La NASA détecte une étrange molécule dans l’atmosphère de Titan

Crédits : NASA/JPL-Caltech/Space Science Institute

Des chercheurs de la NASA annoncent avoir identifié du cyclopropénylidène dans l’atmosphère de Titan, et c’est une première. Cette molécule extrêmement rare est si réactive qu’elle ne peut exister sur Terre qu’en laboratoire.

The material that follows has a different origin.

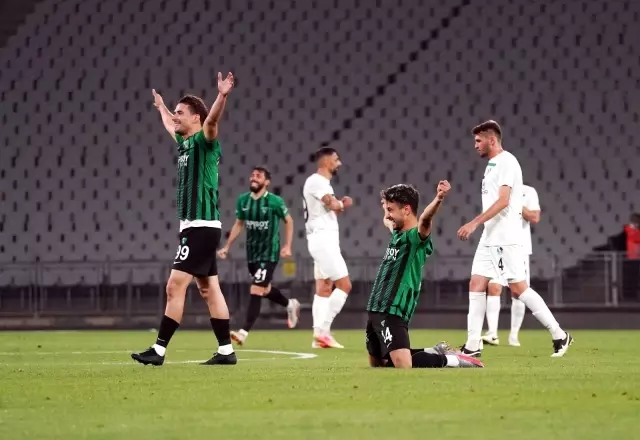 Son dakika haberleri: Kocaelispor, 11 yıl sonra TFF 1. Lig'e yükseldi Son dakika haberleri: Kocaelispor, 11 yıl sonra TFF 1. Lig'e yükseldi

Si vous n’avez jamais entendu parler de cyclopropénylidène, ou (C3H2), c’est normal. Il s’agit en effet d’une molécule extrêmement rare qui ne peut exister sur Terre qu’en laboratoire tant elle est réactive. Il semblerait que cette molécule, faite de carbone et d’hydrogène, soit bel et bien présente dans l’atmosphère de Titan, la plus grande lune de Saturne. Des chercheurs de la NASA ont en effet détecté sa présence grâce à l’Atacama Large Millimeter / submillimeter Array (ALMA), un réseau de radiotélescopes retrouvé au Chili.

Une découverte inattendue

Le cyclopropénylidène est une molécule hautement réactive. Autrement, elle réagit facilement avec d’autres molécules avec lesquelles elle entre en contact, formant ainsi d’autres « espèces moléculaires ».

Du C3H2 avait déjà été détecté dans des nuages ​​de gaz et de poussière de la galaxie. Ces régions sont en effet encore assez froides et diffuses pour limiter ces réactions chimiques. Une atmosphère,  en revanche, c’est autre chose, surtout celle de Titan, considérée par la NASA comme une « ruche d’activités chimiques« . Pour rappel, son atmosphère épaisse est quatre fois plus dense que celle de la Terre.

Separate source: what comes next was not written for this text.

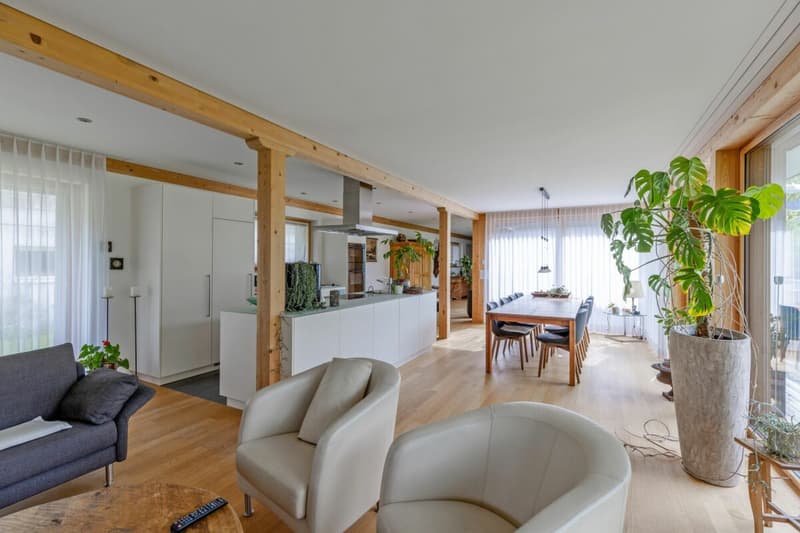 Zu verkaufen grosszügiges Terrassenhaus, 4.5 Zimmer, Länge 35 Meter. Am Bleicheliweg 2, 9055 Bühler bei Teufen, mit Weitsicht auf Wiese und Wald. Nur 2 Gehminuten bis Bahnhof ! (6)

Notez que les chercheurs ont isolé la présence de cette molécule dans la haute atmosphère de Titan, où l’environnement est tout de même moins dense. Pour l’heure, les chercheurs ignorent encore pourquoi le cyclopropénylidène apparaît dans cet environnement, mais dans aucune autre atmosphère.

Ce type d’étude sera intéressante, dans la mesure où cette molécule pourrait être un élément de base pour des molécules organiques plus complexes qui ont permis le développement de la vie sur Terre.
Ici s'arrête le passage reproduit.